3D printed materials tend to be weaker than their machined or molded counterparts (Yes, there are many amazing efforts out there to change this, but for general purposes, it’s a solid assumption). At the same time, the opportunity to create highly complex, delicate structures is very seductive. If you do not possess the analytical engineering skills to prove your design will hold up under a heavy load, do not 3D print parts whose mechanical failure could result in serious injuries. These include stiletto heels, lawnmower blades, carabiner clips for mountain climbing, or even a new custom cane for your 90 year old aunt.

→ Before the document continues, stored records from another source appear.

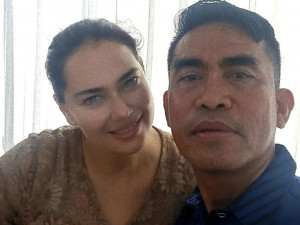 Catherine Wilson dan Idham Masse Kompak Tidak Hadir, Sidang Cerai Perdana Ditunda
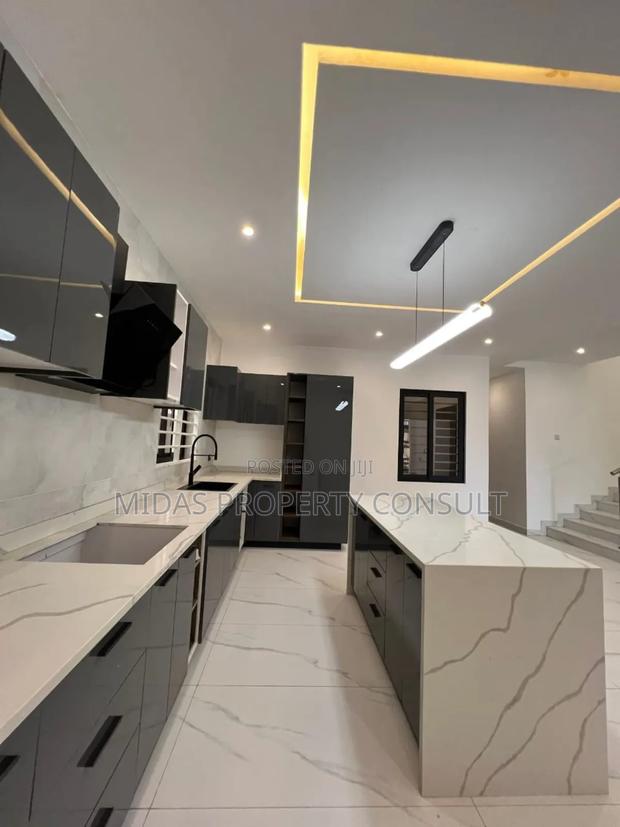 4bdrm House in East Legon Hills for sale photo 4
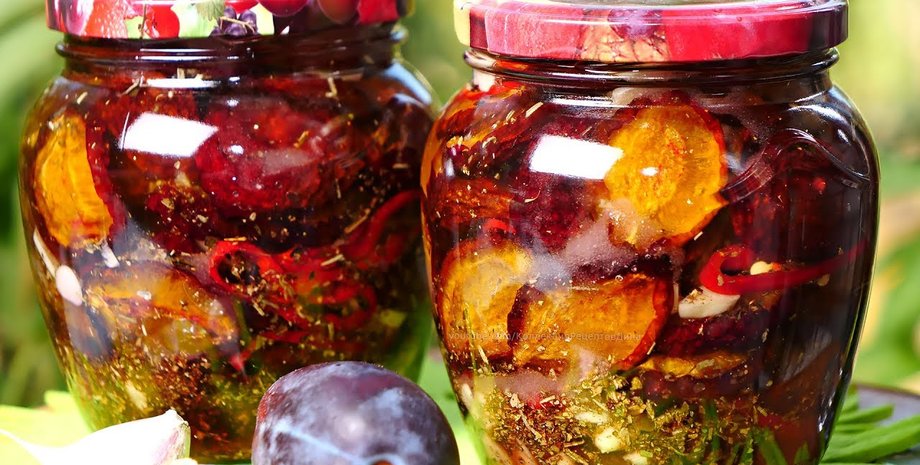 Асорті із в'ялених овочів, в'ялені помідори, в'ялені баклажани, в'ялені сливи, в'ялений перець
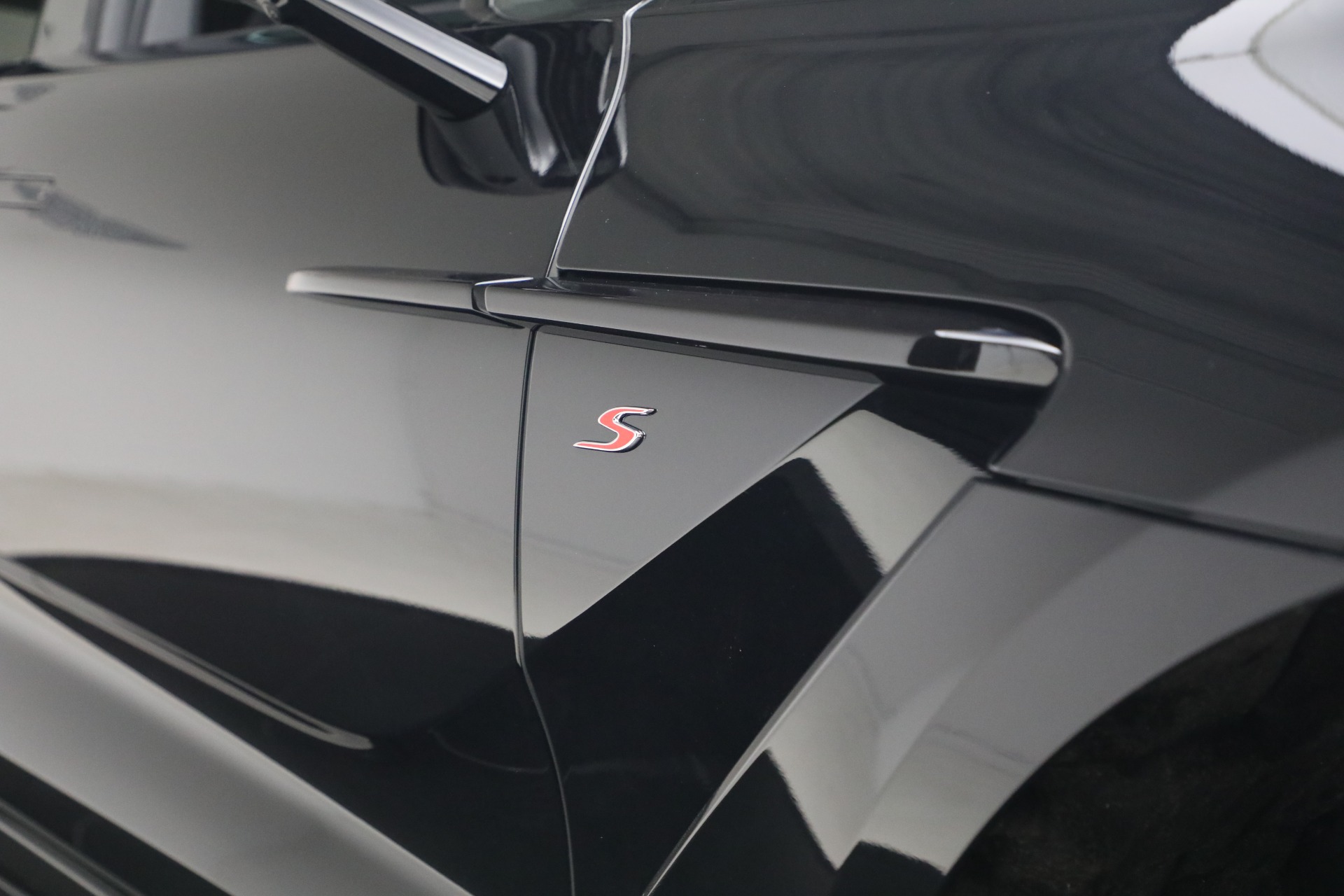 New-2026-Aston-Martin-DBX-S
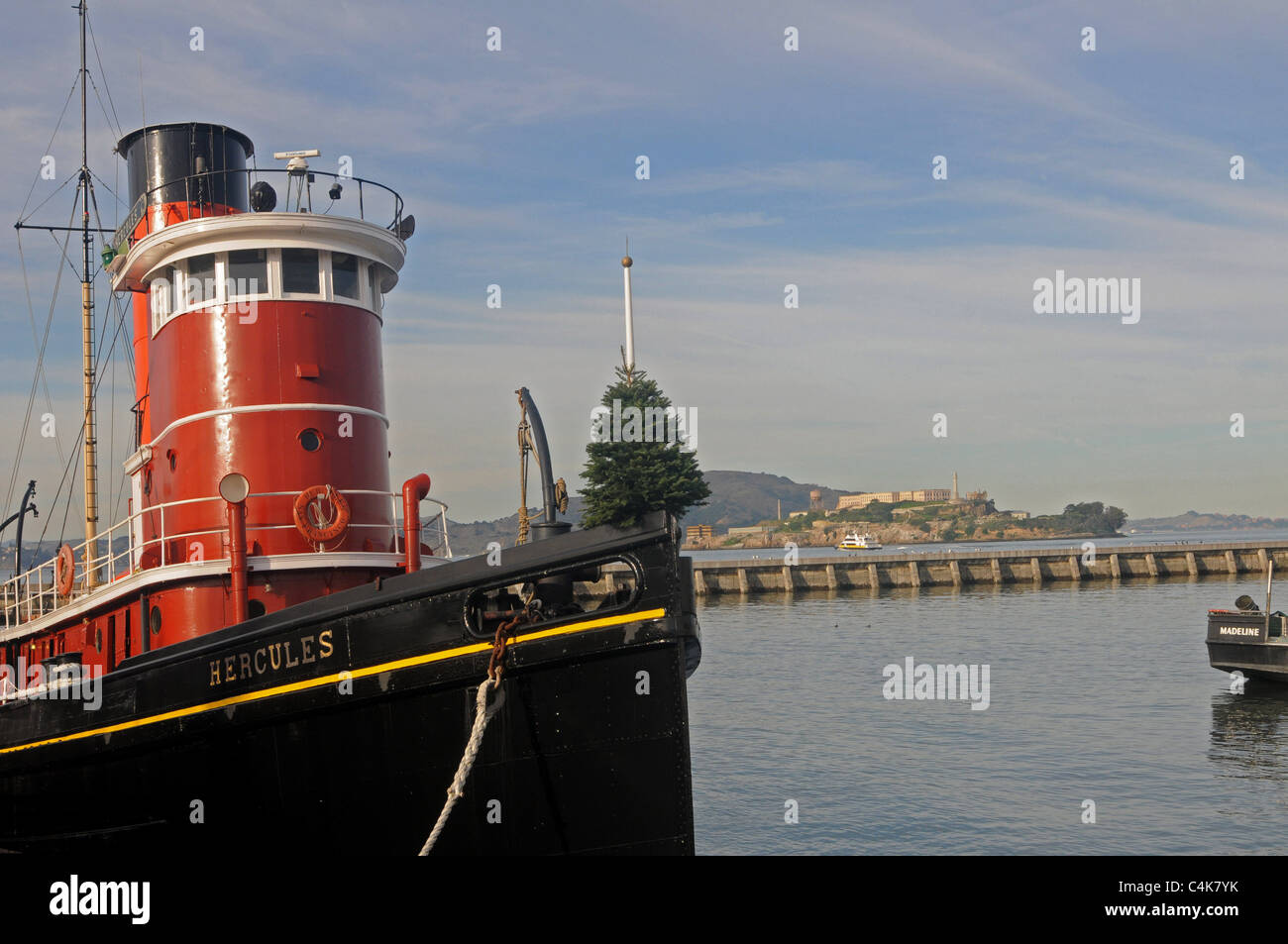 Le Steamer Hercules amarré dans la baie de San Francisco, Alcatraz avec en arrière-plan. Banque D'Images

In addition to mechanical failure, some applications are inappropriate due to the chemical nature of the materials being printed. Many polymerization-based printing methods (methods that harden material using chemical reactions, rather than just melting and cooling a substance) involve the creation of acids and other harmful chemicals as an intermediary step in the resin curing process. Depending on how carefully controlled the process is, some of these chemicals may remain in the final part. These can leach into liquid or food, outgas if heated, or irritate skin and other tissues. For this reason, unless you have a material approved for these applications AND a properly calibrated and maintained printer, skip Dad’s new coffee mug or that custom watch band you were thinking about.
Second: Method Appropriateness
3D printing is an amazing and powerful tool for an innovator to have access too. However, like any tool or fabrication methods, it has its strengths and weaknesses. The risk of using it inefficiently is particularly high among individuals with limited exposure to other fabrication methods. Some years ago, I was swapping stories with another educator who had taught an introductory course in 3D printing. One of her students spent 12 hours and fifty dollars’ worth of material to produce what was, essentially, a box. This could have been purchased for two dollars from the nearest Walmart, or even assembled from foam core and hot glue. One of my own students came to me concerned that the class room 3D printer couldn’t produce the tiny screw threads he needed to assemble his project. I showed him a tap and die set, a box of self-tapping screws, and a tube of plastic cement. While I have moved on from teaching young engineering students, I have continued to mentor and advise entrepreneurs eager to use the technology, regardless of whether the application was really a good fit. I’ll expand on how the business case affects the use of 3D printing in a later segment.
Before you print, stop and think. Could I make this another way? Would that way be safer, cheaper or faster? Matching a design to a fabrication method is a critical step on the way to a great product.